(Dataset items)
- - -
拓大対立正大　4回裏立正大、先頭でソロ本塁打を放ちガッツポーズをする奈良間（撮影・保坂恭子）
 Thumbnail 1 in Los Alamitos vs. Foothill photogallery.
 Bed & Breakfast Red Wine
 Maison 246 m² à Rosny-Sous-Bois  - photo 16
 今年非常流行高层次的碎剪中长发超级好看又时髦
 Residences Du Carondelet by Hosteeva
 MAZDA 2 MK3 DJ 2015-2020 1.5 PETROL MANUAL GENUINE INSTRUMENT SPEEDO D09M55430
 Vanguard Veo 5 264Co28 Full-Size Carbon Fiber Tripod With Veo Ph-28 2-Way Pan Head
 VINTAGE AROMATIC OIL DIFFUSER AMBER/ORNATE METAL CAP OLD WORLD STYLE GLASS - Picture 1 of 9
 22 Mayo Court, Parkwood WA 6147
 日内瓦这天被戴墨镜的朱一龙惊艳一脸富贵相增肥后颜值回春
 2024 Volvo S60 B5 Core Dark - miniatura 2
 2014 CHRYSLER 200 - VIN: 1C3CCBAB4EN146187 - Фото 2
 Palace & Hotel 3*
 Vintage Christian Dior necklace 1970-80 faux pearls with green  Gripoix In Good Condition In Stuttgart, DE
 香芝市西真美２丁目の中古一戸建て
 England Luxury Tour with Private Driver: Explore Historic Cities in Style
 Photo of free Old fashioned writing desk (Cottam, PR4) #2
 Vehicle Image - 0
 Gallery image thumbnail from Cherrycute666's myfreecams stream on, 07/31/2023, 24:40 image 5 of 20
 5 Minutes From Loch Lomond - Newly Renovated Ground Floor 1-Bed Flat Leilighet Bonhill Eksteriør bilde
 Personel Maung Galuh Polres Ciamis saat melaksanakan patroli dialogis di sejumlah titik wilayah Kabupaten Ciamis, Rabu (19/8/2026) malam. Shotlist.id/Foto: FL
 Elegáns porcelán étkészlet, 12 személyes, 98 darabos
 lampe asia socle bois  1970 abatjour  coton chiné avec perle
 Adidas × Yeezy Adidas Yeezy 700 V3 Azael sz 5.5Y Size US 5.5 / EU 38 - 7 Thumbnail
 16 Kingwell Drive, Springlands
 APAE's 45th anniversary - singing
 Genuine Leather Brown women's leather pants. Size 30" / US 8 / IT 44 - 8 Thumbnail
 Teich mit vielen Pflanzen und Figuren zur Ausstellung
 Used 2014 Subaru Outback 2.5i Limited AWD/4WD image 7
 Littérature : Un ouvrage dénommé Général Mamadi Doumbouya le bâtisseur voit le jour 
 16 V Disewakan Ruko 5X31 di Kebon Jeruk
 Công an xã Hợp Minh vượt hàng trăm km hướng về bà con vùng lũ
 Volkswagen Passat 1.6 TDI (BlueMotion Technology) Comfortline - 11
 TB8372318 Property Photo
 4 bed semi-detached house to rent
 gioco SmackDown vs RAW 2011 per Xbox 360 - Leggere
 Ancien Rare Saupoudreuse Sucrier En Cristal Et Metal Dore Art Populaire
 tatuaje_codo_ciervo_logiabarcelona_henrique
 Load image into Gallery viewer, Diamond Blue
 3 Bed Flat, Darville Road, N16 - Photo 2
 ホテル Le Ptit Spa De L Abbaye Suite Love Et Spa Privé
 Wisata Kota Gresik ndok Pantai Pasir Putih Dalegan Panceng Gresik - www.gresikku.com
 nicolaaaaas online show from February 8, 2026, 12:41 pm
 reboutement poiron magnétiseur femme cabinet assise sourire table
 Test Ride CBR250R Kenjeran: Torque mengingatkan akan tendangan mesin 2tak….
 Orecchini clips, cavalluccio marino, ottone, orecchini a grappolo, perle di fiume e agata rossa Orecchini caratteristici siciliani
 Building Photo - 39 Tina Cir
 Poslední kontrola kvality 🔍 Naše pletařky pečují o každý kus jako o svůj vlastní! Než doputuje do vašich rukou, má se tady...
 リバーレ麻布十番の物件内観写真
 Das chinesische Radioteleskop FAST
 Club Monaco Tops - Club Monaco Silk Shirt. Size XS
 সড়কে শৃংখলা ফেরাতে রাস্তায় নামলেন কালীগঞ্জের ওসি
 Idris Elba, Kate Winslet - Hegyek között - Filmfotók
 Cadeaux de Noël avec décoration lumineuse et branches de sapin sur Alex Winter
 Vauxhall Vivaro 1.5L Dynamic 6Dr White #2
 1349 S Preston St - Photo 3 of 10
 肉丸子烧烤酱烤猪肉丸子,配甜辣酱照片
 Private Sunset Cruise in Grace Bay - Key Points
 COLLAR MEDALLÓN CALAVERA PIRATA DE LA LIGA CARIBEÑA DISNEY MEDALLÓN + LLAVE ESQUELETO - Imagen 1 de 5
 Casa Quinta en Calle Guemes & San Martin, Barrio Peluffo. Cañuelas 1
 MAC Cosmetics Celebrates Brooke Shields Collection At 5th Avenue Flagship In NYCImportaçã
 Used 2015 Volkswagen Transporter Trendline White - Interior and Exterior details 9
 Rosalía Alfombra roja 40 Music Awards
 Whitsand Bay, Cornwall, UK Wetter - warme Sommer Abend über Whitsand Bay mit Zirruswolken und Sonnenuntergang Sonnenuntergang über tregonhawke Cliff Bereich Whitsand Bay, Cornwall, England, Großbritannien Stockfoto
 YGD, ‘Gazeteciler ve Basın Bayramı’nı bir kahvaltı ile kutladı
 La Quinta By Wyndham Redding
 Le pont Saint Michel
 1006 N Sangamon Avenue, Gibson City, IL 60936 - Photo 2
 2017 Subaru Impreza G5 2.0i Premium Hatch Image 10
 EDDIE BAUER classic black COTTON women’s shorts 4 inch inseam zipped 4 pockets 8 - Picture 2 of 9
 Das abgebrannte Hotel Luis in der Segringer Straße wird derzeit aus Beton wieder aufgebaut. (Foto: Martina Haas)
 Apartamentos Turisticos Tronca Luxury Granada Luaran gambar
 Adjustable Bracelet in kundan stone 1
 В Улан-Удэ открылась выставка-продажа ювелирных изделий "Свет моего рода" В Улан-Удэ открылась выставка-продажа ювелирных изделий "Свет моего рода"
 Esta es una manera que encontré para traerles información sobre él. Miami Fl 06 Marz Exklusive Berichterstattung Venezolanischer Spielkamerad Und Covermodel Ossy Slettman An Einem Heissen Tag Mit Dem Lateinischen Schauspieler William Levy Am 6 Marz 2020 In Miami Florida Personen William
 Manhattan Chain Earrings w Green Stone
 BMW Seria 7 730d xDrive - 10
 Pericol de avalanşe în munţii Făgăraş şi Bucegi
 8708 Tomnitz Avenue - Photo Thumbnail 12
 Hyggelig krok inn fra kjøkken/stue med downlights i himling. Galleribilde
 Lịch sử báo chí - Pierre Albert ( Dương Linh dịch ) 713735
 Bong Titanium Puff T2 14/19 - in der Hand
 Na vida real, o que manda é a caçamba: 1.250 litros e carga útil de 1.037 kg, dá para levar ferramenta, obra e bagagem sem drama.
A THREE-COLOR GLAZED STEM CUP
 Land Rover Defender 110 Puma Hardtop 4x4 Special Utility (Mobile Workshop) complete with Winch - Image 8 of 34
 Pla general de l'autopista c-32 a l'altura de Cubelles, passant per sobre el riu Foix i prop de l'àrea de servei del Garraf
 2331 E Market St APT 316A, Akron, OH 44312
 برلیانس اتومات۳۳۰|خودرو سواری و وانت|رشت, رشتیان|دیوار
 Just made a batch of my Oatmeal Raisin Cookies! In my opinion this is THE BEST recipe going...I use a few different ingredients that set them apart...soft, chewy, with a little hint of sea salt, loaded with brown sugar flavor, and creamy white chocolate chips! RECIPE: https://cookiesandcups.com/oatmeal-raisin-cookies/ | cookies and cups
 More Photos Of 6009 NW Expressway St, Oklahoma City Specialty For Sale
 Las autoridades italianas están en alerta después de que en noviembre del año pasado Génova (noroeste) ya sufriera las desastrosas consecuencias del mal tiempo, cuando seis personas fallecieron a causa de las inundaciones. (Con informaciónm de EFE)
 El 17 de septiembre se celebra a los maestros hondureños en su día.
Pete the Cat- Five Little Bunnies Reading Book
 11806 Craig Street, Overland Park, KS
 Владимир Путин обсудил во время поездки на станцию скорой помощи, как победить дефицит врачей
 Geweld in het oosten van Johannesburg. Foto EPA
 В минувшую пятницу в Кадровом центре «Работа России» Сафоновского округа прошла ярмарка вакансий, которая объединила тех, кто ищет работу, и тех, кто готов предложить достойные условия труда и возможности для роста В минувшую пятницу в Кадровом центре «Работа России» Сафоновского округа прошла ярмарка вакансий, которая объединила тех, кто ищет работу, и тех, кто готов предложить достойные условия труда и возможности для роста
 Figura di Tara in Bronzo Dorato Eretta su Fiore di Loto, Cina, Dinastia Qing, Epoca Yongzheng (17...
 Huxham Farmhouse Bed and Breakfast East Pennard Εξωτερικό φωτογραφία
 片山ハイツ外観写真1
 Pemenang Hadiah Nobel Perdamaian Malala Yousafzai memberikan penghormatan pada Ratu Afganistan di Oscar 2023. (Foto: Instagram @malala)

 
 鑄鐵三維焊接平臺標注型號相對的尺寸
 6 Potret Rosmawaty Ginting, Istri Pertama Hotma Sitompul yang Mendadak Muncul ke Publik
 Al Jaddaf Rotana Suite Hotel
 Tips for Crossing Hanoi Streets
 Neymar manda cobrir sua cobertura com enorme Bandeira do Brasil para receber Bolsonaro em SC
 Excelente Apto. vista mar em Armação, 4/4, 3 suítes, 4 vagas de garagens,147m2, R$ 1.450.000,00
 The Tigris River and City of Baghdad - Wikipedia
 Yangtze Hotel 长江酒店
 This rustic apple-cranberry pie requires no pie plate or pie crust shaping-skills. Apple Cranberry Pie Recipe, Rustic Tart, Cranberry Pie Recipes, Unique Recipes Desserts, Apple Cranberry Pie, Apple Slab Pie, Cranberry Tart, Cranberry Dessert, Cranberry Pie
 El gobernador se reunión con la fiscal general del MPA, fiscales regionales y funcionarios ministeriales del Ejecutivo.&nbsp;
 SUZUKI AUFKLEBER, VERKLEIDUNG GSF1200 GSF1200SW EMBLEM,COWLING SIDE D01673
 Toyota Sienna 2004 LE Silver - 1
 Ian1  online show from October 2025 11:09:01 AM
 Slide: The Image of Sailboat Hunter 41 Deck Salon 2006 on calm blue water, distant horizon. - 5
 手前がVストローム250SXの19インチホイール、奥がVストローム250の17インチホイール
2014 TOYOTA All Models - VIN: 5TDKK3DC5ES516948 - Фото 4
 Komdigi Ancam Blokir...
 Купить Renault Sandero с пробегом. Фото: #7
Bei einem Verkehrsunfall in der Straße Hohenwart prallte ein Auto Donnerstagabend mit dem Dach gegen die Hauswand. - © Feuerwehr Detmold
- - -
_Work instructions:_ Scan the entries and show every line in which the word "England" is found.

_Response:_
 England Luxury Tour with Private Driver: Explore Historic Cities in Style
 Whitsand Bay, Cornwall, UK Wetter - warme Sommer Abend über Whitsand Bay mit Zirruswolken und Sonnenuntergang Sonnenuntergang über tregonhawke Cliff Bereich Whitsand Bay, Cornwall, England, Großbritannien Stockfoto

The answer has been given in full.